Editors’ Introduction, Issue Two
Much has happened in the months since we published the inaugural issue of Othering & Belonging.
Donald Trump won an unexpected victory to succeed Barack Obama as US president just as a peace agreement ended Latin America’s longest conflict in Colombia. Brazilians and South Koreans impeached their presidents, while President Erdoğan of Turkey accelerated his authoritarian rule, launching a massive purge targeting his critics. Beach resorts in France made news worldwide when they banned the burkini, and 2016 registered as the hottest year on record. President Trump proposed deep cuts to US foreign aid that, if enacted, promise to exacerbate conflict-driven famines in Nigeria, Somalia, and South Sudan, arguably the world’s most serious humanitarian crises in seventy years. The Zika virus spread to more than seventy-five countries, including the United States, and Prime Minister Theresa May triggered the process by which Great Britain will exit the European Union.
These developments, and so many others across the globe, are rife with the dynamics of othering, whether along markers of race, ethnicity, class, gender, religion, immigration status, nationality, geography, or a combination of these and other dimensions of personal and group identity. In the responses to these developments, we also find strains of belonging—enough, perhaps, to ground our hopes for a more inclusive future.
If there is a theme to this, the second issue of Othering & Belonging, it might be hope. Hope built not only on the aspirations articulated by groups around the world, but also on the emergence of new organizational formations whose practices are meant to enact inclusiveness and belonging. We start with the stories of two such formations.
Arlene Goldbard, chief policy wonk of the US Department of Arts and Culture (USDAC)—not a government agency!—offers “Belonging as a Cultural Right.” Goldbard shares USDAC’s origin story, with particular attention to the formulation of its Policy on Belonging. In “Equity as Common Cause,” Elisabeth Farrell and her colleagues describe the painstaking journey made by Food Solutions New England from its origins as a predominantly white regional food systems network with no more than tangential interest in race issues to its present incarnation as a deliberately multiracial organization with racial equity at its center.
As very much works in progress, USDAC and Food Solutions New England offer lessons we hope readers will find instructive regardless of their own areas of endeavor.
The featured article in our inaugural issue, “The Problem of Othering” by john powell and Stephen Menendian, provided a rigorous exploration of what othering and belonging entail, why they matter, and of the “forces that contribute to othering and interventions that might mitigate some of the excesses.” Because such an analysis goes to the heart of our purpose with Othering & Belonging, we reached out to thinkers and doers from a range of disciplines and professional sectors to solicit their reactions to the piece. We thank Soya Jung, Susan Eaton, Alex Mikulich, David Clingingsmith, and Dennis Parker for illuminating many of the strengths, and some of the possible lacunae, in powell and Menendian’s analysis. Their reflections buttress our conviction that a framework centered on othering and belonging has much to recommend it.

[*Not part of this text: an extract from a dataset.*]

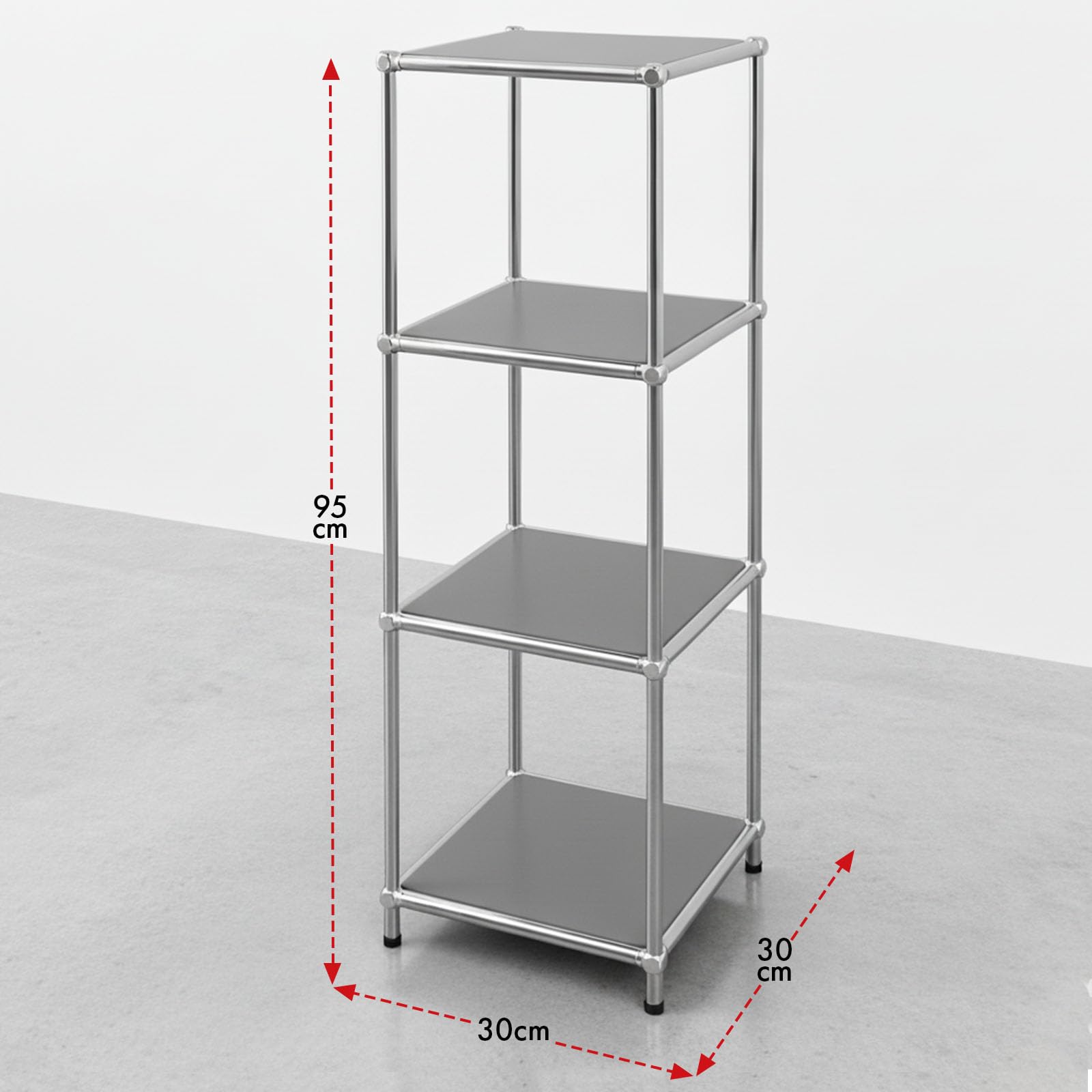 Floordirekt Concept Epure MK-005 - Estantería de metal (4 niveles, 95 x 30 x 30 cm), diseño moderno, color gris y cromado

The rhetorical and literal violence roiling social and political waters in the United States take a heavy toll, the effects of which are felt widely. At a time when incidents of harassment and bias remain common and are often directed against children, especially in schools, a great many parents, teachers, and other caregivers are seeking the tools they need to effectively support the targets of these aggressions. We turned for observations and advice to clinical psychologist Allison Briscoe-Smith and Teaching Tolerance director Maureen Costello, who offered plenty of both. We entitled the exchange, “Explicit bigotry goes mainstream: How can we support our children?”

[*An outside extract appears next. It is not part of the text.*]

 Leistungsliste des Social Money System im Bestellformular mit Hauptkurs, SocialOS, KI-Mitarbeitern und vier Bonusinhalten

Resistance to othering takes myriad forms, with the arena of arts and culture often supplying especially powerful and compelling examples. Rebecca Podlech’s “Subverting Established Views: OPPOSE OTHERING!” describes a collaborative project by central and eastern European filmmakers under the banner “Solidarity, Belonging and Empowerment Through Film.” Her short piece includes a teaser from one of the films in the project.
We close this issue with Susie Cagle’s editorial cartoon, “Divided and Platformed.” With reference to the role of Facebook as a platform for the proliferation of “fake news” during the 2016 presidential campaign, Cagle argues that the impulse to belong can be exploited—and has been. Provocatively, she suggests that the “web did not rewrite the rules of society—it just revealed that, in this form, our natural human desire to seek comfort and belonging, taken to scale, can be toxic.”
Progress toward societies and a world characterized by wider participation and more inclusive membership won’t happen as a matter of course. The success of struggles toward those ends will rely on clear-eyed thinking and strategizing, vigorous organizing, persuasive communications, painstaking community building, and on thoughtful movement building and policy making. That the worlds of research and scholarship, advocacy and activism, arts, science, business, politics, and grassroots community all have vital contributions to make is one of the core premises of Othering & Belonging.
To all our truly diverse contributors, supporters, and readers—thank you! We hope that you will alert others in your networks to this forum and invite them to submit their own contributions.